The minimum amount of paid leave you are entitled to as a full time employee and/or worker (in line with the Working Time Regulations) is 28 days per annum (5.6 weeks), inclusive of bank and public holidays.
If you are a part-time employee, you are entitled to the pro rata amount of holiday (based on the number of days or hours you work) calculated against the full-time entitlement.

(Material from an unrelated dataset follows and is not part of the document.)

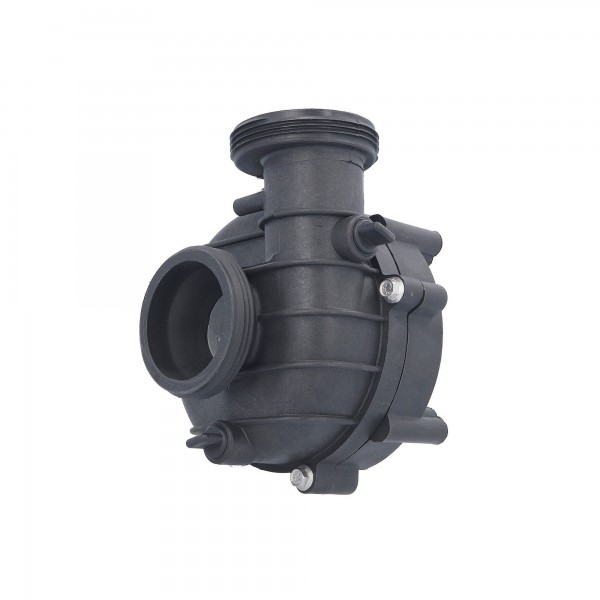 Wet End, Sta-Rite Dura-Jet, 48/56Y Frame, 2.0HP, 2"MBT In/Out, Side Discharge : 1215014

There are few legal requirements governing holiday leave in the Working time Regulations. This leaves it to the employer to manage the details regarding holiday which should be set out either in your contract of employment or in a staff handbook. These documents are are likely to include when your leave year starts, whether you can carry holiday over from one leave year to the next, and what procedures you should follow for booking your holiday.
CAN I CARRY OVER LEAVE?
The policy behind the Working Time Regulations and the minimum holiday requirements is the recognition that workers need time off. For this reason is not lawful for the minimum number of holidays (28 days) to be carried over from one year to the next.

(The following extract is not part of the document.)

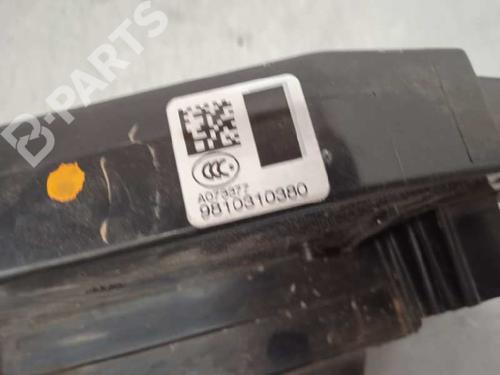Front left lock CITROËN C4 Picasso II  | BP7562771C98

However, many employers provide workers with holiday over and above the minimum. In this case it is up to your employer, to decide whether they will allow you to carry over any holiday above the minimum 28 days from one year to the next. That said, exceptions apply in cases where an employee is off work due to long term sickness and for those on maternity or parental leave.
WHAT HAPPENS TO MY HOLIDAY WHEN I LEAVE?
If you leave your employment, any unused holiday should be included with your final pay. If you have taken more holiday than you are entitled to then you do not have to pay back the excess unless you have agreed in writing to do so. Although most employers will include a clause, allowing them to do so in your contract of employment.
HOW IS HOLIDAY PAY CALCULATED?
In 2014 two important cases were heard regarding the calculation of holiday pay. The impact of these decisions is that holiday pay should reflect the workers 'normal pay'; meaning if a worker receives regular (but not ad-hoc) payments such as commission, a shift bonus and on-call payments these payments should be taken into account when calculating his or her holiday pay. This is done by working out the your average pay over the preceding 12 weeks. One gloss on this is that this method of calculating holiday pay only applies to 4 weeks (20 days) holiday. Therefore, any holiday entitlement over and above 20 days can be paid at the basic pay rate.
Further, and as a result about concerns about a rise in claims new legislation (in the Working Time Regulations) was introduced by the Government to prevent a deluge of claims. This provides that workers from 1 July 2015 can only claim up to two years back dated holiday pay.